DATASET:
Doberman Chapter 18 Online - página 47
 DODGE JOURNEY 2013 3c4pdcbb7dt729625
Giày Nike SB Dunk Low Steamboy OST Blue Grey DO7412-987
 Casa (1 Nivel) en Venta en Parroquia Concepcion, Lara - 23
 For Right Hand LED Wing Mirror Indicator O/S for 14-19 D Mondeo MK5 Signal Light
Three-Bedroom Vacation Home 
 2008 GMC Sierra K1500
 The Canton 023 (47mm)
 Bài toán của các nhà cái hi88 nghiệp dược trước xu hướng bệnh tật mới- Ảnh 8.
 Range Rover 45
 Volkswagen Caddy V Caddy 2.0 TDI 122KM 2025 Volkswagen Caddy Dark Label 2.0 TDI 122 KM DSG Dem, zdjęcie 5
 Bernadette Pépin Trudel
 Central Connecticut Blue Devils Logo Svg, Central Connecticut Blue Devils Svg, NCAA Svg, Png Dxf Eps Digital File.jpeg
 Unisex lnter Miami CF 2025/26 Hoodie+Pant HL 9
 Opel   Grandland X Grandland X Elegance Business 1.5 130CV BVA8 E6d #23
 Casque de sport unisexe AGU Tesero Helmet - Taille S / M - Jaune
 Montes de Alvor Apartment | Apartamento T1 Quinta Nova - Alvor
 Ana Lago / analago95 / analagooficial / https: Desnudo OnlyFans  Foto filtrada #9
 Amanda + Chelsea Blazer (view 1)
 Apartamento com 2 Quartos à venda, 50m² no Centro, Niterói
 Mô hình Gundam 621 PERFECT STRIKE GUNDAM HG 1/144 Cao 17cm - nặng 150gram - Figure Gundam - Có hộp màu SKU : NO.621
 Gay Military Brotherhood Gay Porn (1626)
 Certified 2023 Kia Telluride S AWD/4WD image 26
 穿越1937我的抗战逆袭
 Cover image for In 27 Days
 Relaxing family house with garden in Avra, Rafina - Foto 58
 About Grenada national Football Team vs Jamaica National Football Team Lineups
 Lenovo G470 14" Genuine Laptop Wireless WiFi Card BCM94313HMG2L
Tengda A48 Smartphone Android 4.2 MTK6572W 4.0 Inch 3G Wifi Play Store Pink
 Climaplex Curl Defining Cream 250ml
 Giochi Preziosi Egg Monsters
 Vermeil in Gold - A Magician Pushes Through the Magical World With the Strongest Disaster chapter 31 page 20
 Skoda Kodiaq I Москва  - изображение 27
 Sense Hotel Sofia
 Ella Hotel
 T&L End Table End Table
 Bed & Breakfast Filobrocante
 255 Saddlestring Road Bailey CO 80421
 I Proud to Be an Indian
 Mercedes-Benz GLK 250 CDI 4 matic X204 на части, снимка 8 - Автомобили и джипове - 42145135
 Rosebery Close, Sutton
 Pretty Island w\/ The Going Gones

WHAT TO WORK ON:
In the records above, count the lines that contain the word "Foto" and state only that count.

WRITTEN SOLUTION:
2